My subject for this drawing exercise, a tree branch
My subject for this drawing exercise, a tree branch

I started on the end that I knew would be the most difficult to try and reproduce with pencils, the tree bark, going over it first hatching with a 2B pencil then, 3B, 4B and 5B to get the darker tones. I know the brief said use hatching and cross-hatching on this exercise but I threw everything I had at it, including stippling, squirkling and dashes and I think I depicted the surface of the bark quite well. Unfortunately my photographic skills aren’t that great and the photo of the finished drawing is not as great as the drawing itself.

Getting Tine and Depth in Detail 1
Getting Tine and Depth in Detail 1

The area that I thought would be the most difficult was actually the easiest, to depict tone on the areas of stripped branch with soft bare wood was the most difficult, but one thing it did teach me was to be more fluid with my drawing and for the first time ever I loosened up.

Getting Tine and Depth in Detail 2
Getting Tine and Depth in Detail 2

I know there are flaws in the finished drawing, the shape is wrong in certain places and the shadow isn’t brilliant but there are parts of this drawing that I am really proud of namely the  bark area which reminds me of a ‘bio’ tattoo for some reason. In fact I think the finished piece reminds me of an anatomy drawing and while I was working on it I kept thinking of the Marco Evaristti drawings of parts of suicide victims that I saw during my first visit to the national gallery. Overall I think I did quite well in this exercise, my tutor told me I should be more fluid and I think I managed it while working on this exercise. However, one thing I do have a problem with is drawing the very dark tones on a textured surface such as this which is something I will have to work on.

Masters of Detailed Drawing 2, Modern Artist, Eliot Hodgkin

Eliot Horgkin Large Leaf 2 Tempera on Card

For this research point I was asked to find two artists who exemplify mastery of detailed drawing 1 from the 19th century or earlier and a modern artist. I already researched the 19th century artist Thomas Hartley Cromek in ‘Masters of Detailed Drawing 1, 19th Century, Thomas Hartley Cromek‘ and it was now time to find a Modern artist. Again I wanted to find an artist that I wasn’t familiar with so I started my search on Google looking for British artists of the 20th century. A list of names of British artists came up on Wkipedia so I went down the names looking at their work 1 artist at a time.

I came across the name Eliot Hodgkin, a name that I was very familiar with but I’m not sure from where so I took a look at his work to see if I recognised any of his paintings. I had never seen any of his paintings before but what I did see was truly inspiring and perfect for this part of the course. With the image below Large Leaf 2 particularly catching my eye as near my school there are some very similar large leafs that I would love to draw for this part of the course.

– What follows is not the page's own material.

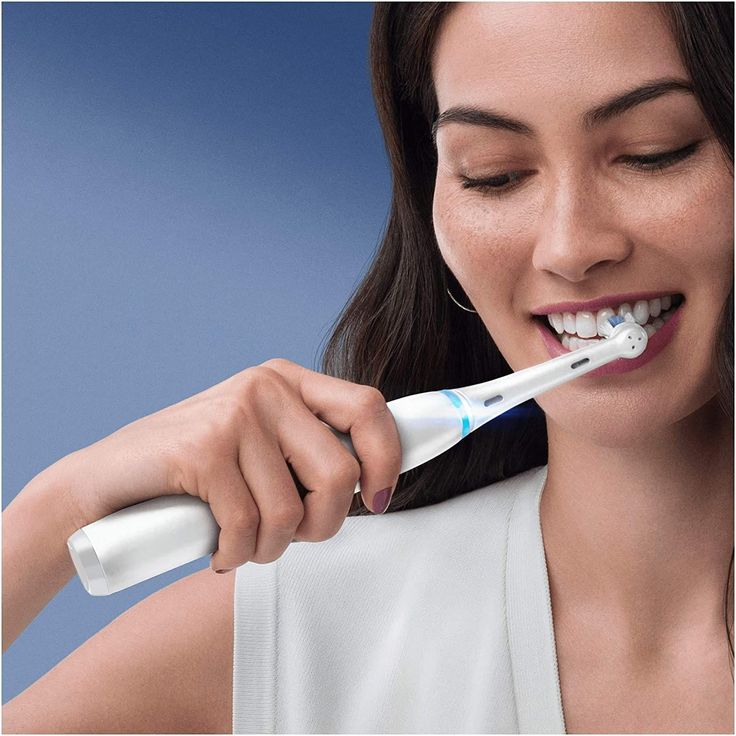 Oral-B iO Series 8N, alabaster white, mit intelligenter Andruckkontrolle & Farbdisplay, inkl. 1 Aufsteckbürste, Premium Reiseetui & Mini-Aufbewahrungsbox – Bild 8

Eliot Hodgkin Large Leaf 2 Tempera on Card
Eliot Hodgkin Large Leaf 2 Tempera on Card

Curwen Eliot Hodgkin was an English painter born into a Quaker family in Purley-on-Thames on 19 June 1905 and was the cousin of abstract painter Howard Hodgkin. Eliot Hodgkin was educated at Harrow School but his artistic life began at the Byam Shaw School of Art and then at the Royal Academy Schools where he studied under Francis Ernest Jackson.

Eliot Hodgkin Seven Brussel Sprouts
Eliot Hodgkin Seven Brussel Sprouts

Hodgkin had already established himself as a still life and landscape painter by the mid-1930s and regularly exhibited at the Royal Academy. In 1937 Hodgkin started working in egg tempera a recipe that was given to him by his close friend and former teacher Maxwell Armfield.

Hodgkin stated that he wasn’t attracted to tempera as a medium as it was used by Italian primitives and their work did not do anything for him, he simply used tempera as it was the only medium that allowed him to express the unique character of the objects that fascinated him.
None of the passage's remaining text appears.